> **TO DO**:
Please write out only the lines from the one containing "Diamond Art Kit" through the last line of the listing. Do not include pictures.

> **SUPPLIED INFORMATION**:
▬▬▬▬▬▬▬▬▬▬

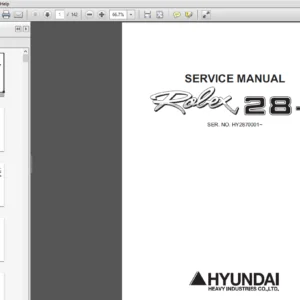 Hyundai R28-7 Mini Excavator Service Repair Manual - PDF Download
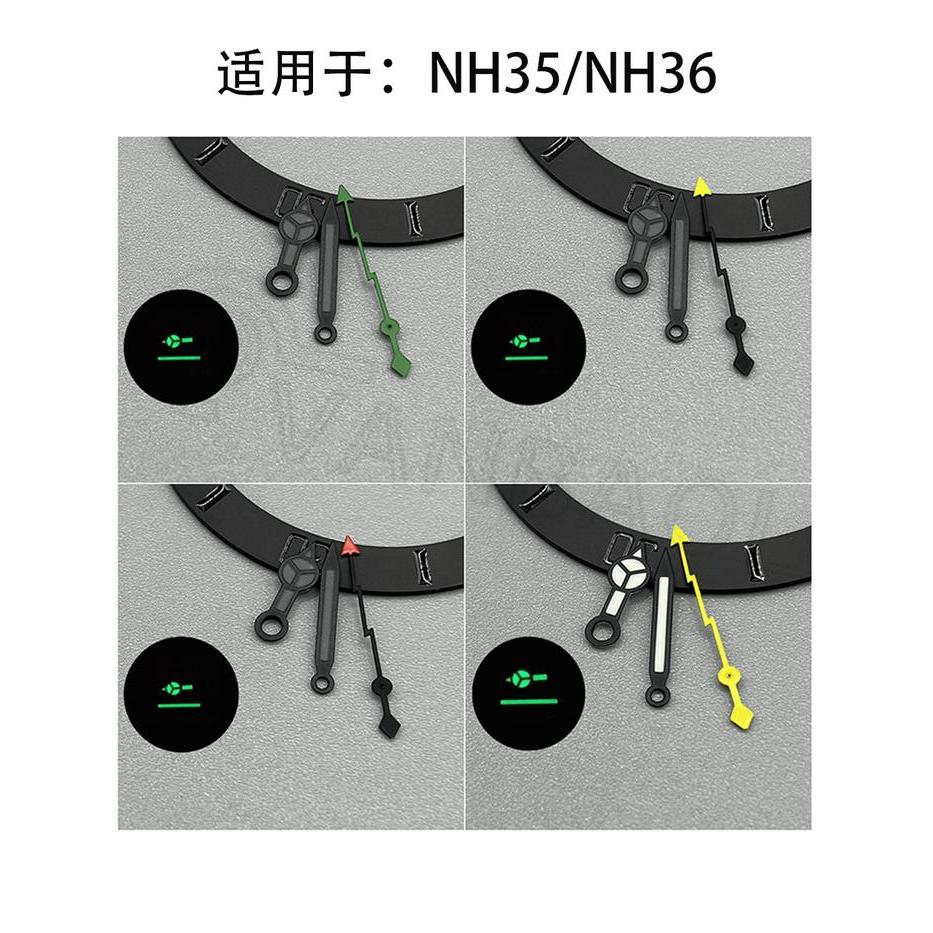 Ready Seiko Mod Hands Lightning Second Hand Green Lumed For NH35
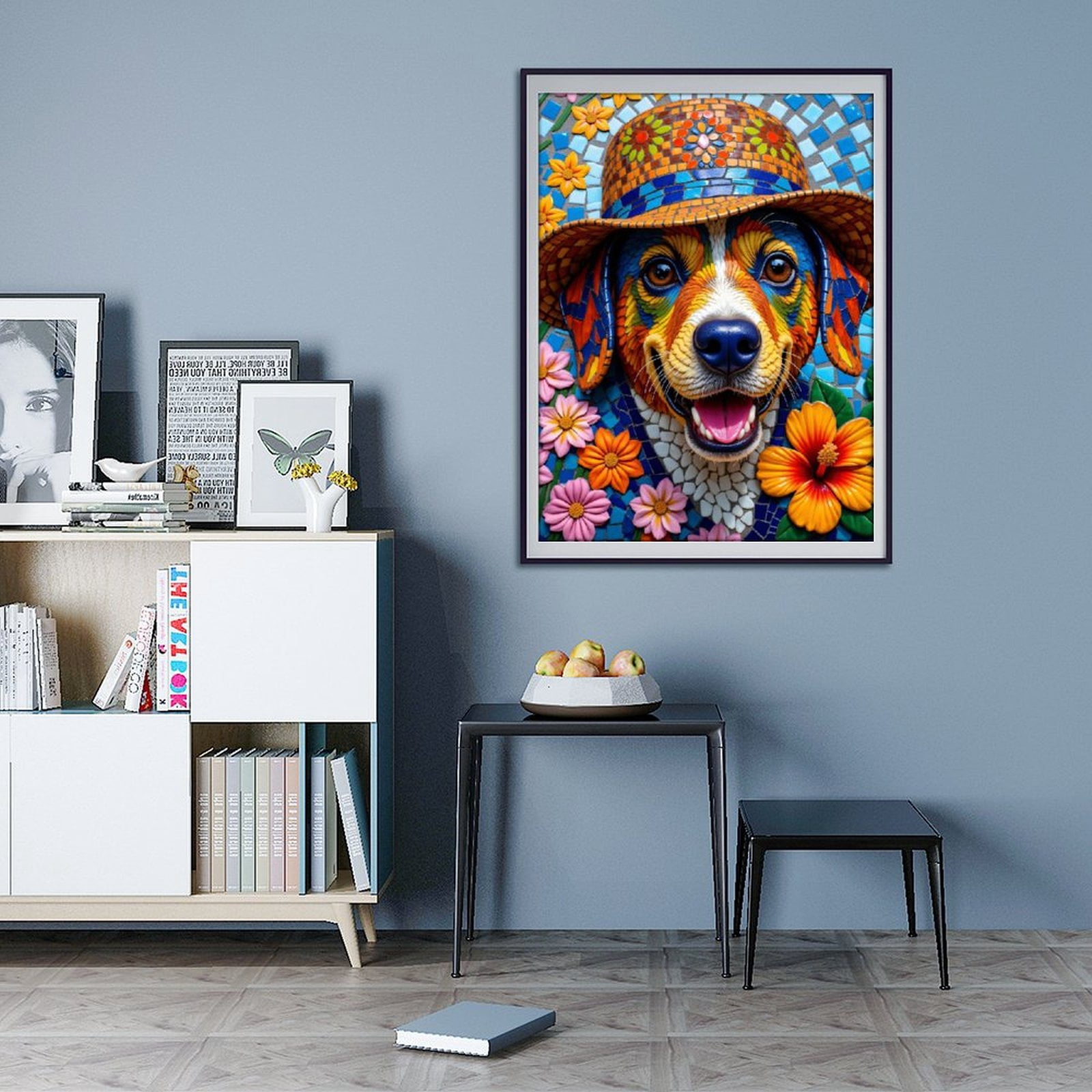 Diamond Art Kit for Adults, Colorful Mosaic Dog With Flowers Diamond Painting for Adults Beginners, 5D DIY Diamond Art Painting Kits, Colorful Diamond Painting Craft for Home Decor 12x16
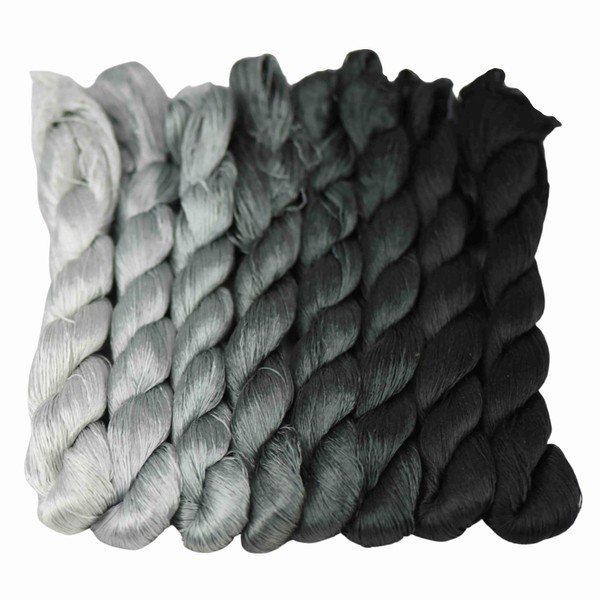 MINGGUXIUYI Natural 100% Silk Thread, Handmade Embroidery Thread Floss 8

▬▬▬▬▬▬▬▬▬▬

> **REPLY TO THE EXERCISE**:
 Diamond Art Kit for Adults, Colorful Mosaic Dog With Flowers Diamond Painting for Adults Beginners, 5D DIY Diamond Art Painting Kits, Colorful Diamond Painting Craft for Home Decor 12x16
 MINGGUXIUYI Natural 100% Silk Thread, Handmade Embroidery Thread Floss 8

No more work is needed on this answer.